Gaza entre Frankenstein et son monstre

« Penser l’évènement pour ne pas succomber à l’actualité ». Voilà ce que nous enseigne Hannah Arendt. Hélas, dans ces circonstances dramatiques, une telle sagesse, salutaire, s’effiloche, laissant place à une véritable prévarication informationnelle. 

Hélas, encore une fois, c’est l’actualité qui impose sa tyrannie. Mais bon Dieu, les journalistes ne sont pas un troupeau de moutons. Ils sont des têtes pensantes. Relater l’événement, en pensant l’événement, est leur raison d’être

Hélas, quand on voit ces stéréotypes, ces sophismes qui se succèdent en rangs serrés. Quand on voit comment on tord le cou à l’information, la phagocyter pour qu’elle se prête à ce commentaire scandaleusement à charge.
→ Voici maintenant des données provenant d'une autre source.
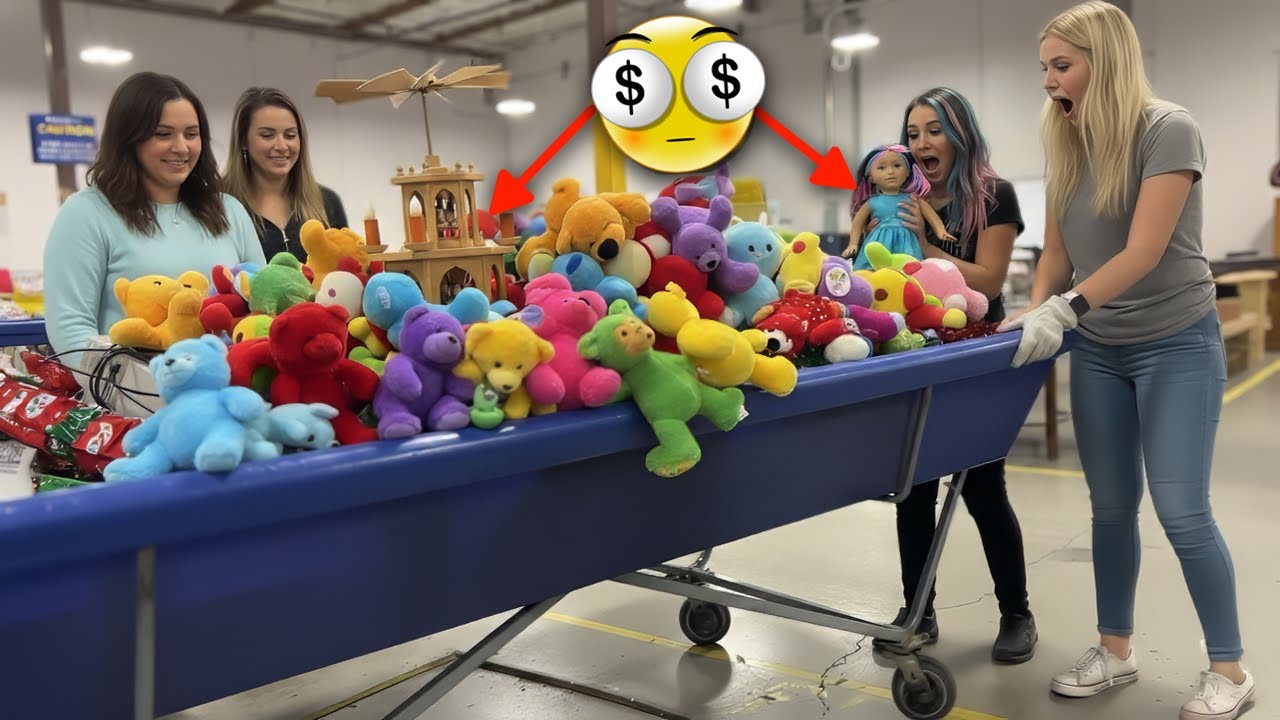 Винтажная пирамида за 90 долларов + кукла American Girl за 50 долларов и многое другое! 🤯 Покупка...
On se demande si on n’est pas en face d’une tartufferie qui nous révulse ?

Que reste-t-il donc de la crédibilité d’un journaliste qui s’est métamorphosé en porte-parole d’une armée d’occupation ?  Un journaliste qui se déleste de sa lucidité pour se cuirasser et enfiler ces armes létales que lui offre une machine colonisatrice ? Que reste-t-il d’un journaliste qui se transforme en robot dénué de la moindre étincelle de conscience face à une population écrasée sous les bombes ? Un journaliste plein de compassion, à juste titre, envers un enfant israélien pris en otage, alors que « l’autre » enfant déchiqueté par les bombes ou que l’on opère sans anesthésie, parfois à même le sol. Cet « autre » enfant ne mérite pas le qualificatif enfant ! Un rabbin, suffisamment cynique, explique dans une vidéo, citation biblique à l’appui, que ce Palestinien « enfant » aujourd’hui est le terroriste de demain. Ce qui signifie qu’il faut non pas le soigner, mais l’achever !
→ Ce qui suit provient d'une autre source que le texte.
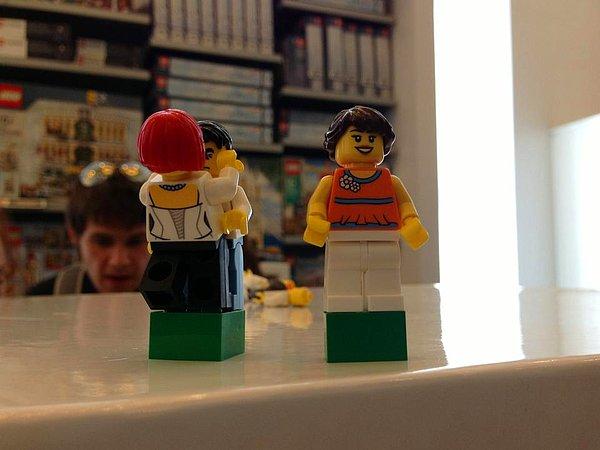 Bonus: Bu da bu üçlünün Lego halleri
On n’a d’autre choix que zapper. Mais pour aller où ? La plupart de ces chaines partagent le même souci, le même mépris des faits et des humains. La même indignation sélective. La même allégeance à cet Israël devenu havre de paix menacé par le désert arabe. N’est-il pas la seule démocratie dans la région. Une telle sornette, répétée à tue-tête, enclenche des rires en cascade

L’exil dans l’exil

Nous cherchons, avec une infatigable curiosité, la voix de la raison qui nous redonne un minimum de regain d’optimisme. Hélas, Ces médias ne nous condamnent-ils pas à une sorte d’exil pour que l’on ressente l’avant-gout d’un autre exil infligé à un Palestinien condamné à errer, en dehors de sa géographie et de son histoire ?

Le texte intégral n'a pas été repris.